Hair-raising for dad


Arrowtown’s Jed Crawford thought he’d try to raise $1000 for cancer research by shaving his head in honour of his late dad.

Two weeks later, he’s banked more than $21,500 towards a $3 million clinical trial, by Wellington’s Gillies McIndoe Research Institute.

It’s testing different treatment for cancers like the one his dad, Keith Crawford, had.

The much-loved Fork and Tap publican lost his 14-year fight with glioblastoma, a malignant brain tumour, in May, aged 49.

November 9 would have been his 50th birthday.

So to help make the day positive his daughter, Zoe, 13, will use his shaver to lop off Jed’s locks at the Arrowtown pub.

Once he decided to do ‘The Big Shave’, the 10-year-old’s goal was to help other families.


“I just thought people that have been through the same thing as me, it’s pretty hard, I thought ‘why not help people that are going through what I am?’,” Jed says.

He and his mum, Jeannie, found Dr Swee Tan’s institute, which has been looking at cancer causes and treatments for five years.

Of the 14 they’ve researched all have a “cancer stem cell”.

Using a beehive analogy, Tan tells Mountain Scene the worker bees are the cancer cells – traditionally thought to have caused cancer.

But inside the hive is the Queen, or cancer stem cell.

“The Queen bee is the reason why there is a beehive, and the Queen bee gives rise to the worker bees … but the Queen bee also gives rise to Queen bees.”

The Queens, resistant to chemotherapy and radiation, can clone themselves, establish hives elsewhere and attract other worker bees, which, he says, explains why cancer pops up in other places, or recurs after remission.
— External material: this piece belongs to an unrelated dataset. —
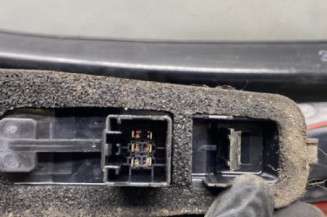 Feu arriere principal gauche (feux) FORD FIESTA 5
“As a result of our investigation we have come up with a new cancer treatment … instead of targeting cancer cells … we go after the Queen bees,” Tan says.

The cost of his oral treatment’s about $4000 a year – at the moment, it’s around $45,000.

While it won’t cure cancer, he hopes people will die with it, instead of from it.

Preliminary results from the trial, involving 25 Kiwis, are expected in a couple of years and Jeannie says had husband Keith survived he would have put his hand up to be involved.

“He would have loved something outside of the chemotherapy and radiation and surgery; they were pretty hard options.”

Tan invited the Crawfords to tour the centre last week and was “honoured” to meet Jed.

“[He’s] 10 years old and lost his father to this cancer, but with courage and compassion he has turned his own sadness into hope for other people.

“They are a wonderful family and given the grief that they are going through … for Jed to be able just to do this at a very young age shows amazing courage. He’s a very special boy and I know he will go a long way.”